4 de abr de 2011

Rumpelstiltskin

     Hoje de manhã fiz minha prova e acho que passei, não com uma nota muito boa, mas acho que consigo um sete. Amanhã tenho prova de biologia e filosofia e já estou um pouco, e ainda sobrou tempo de escrever no blog.

     Ontem estava assistindo o filme Shrek Para Sempre, com uma de minhas irmãs, minha prima mais nova e a minha avó.
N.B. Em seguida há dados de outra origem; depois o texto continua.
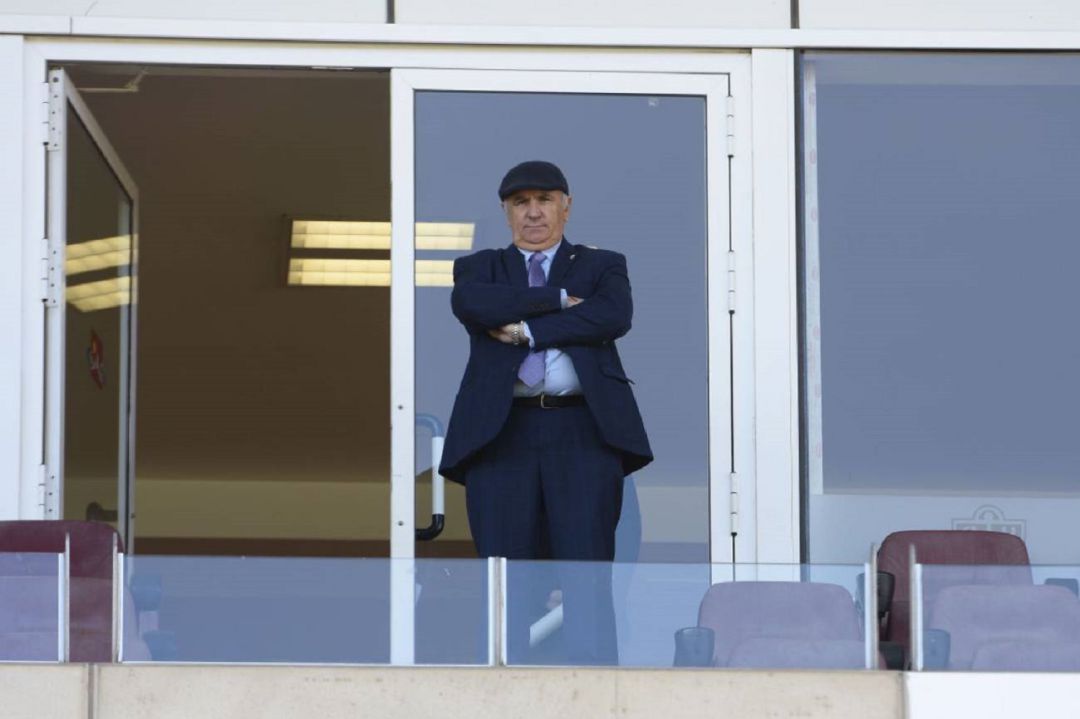 Alfonso García en el palco del Almería cuando era presidente del equipo andaluz Alfonso García en el palco del Almería cuando era presidente del equipo andaluz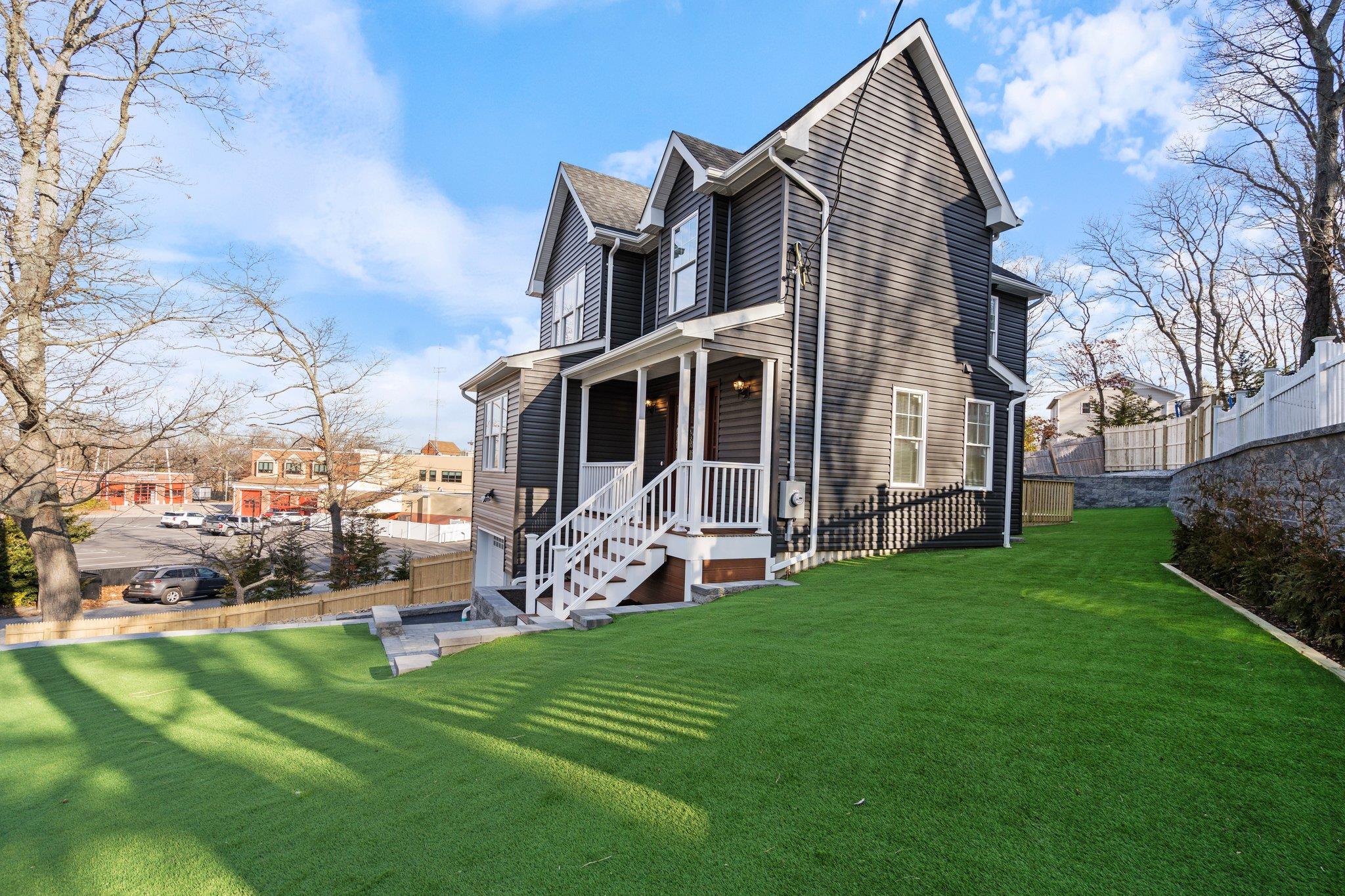 15 Woodhaven Drive, Sound Beach, NY 11789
O vilão desse filme é o Rumpelstiltskin, que foi criado pelos escritores alemães Irmãos Grimm. Eu nunca tinha ouvido falar da história desse personagem, mas minha avó me contou um breve resumo, pois não se lembrava totalmente do conto, pelo fato de não ouví-lo há muito tempo. Hoje pesquisei na internet o conto completo e vim contá-lo para vocês.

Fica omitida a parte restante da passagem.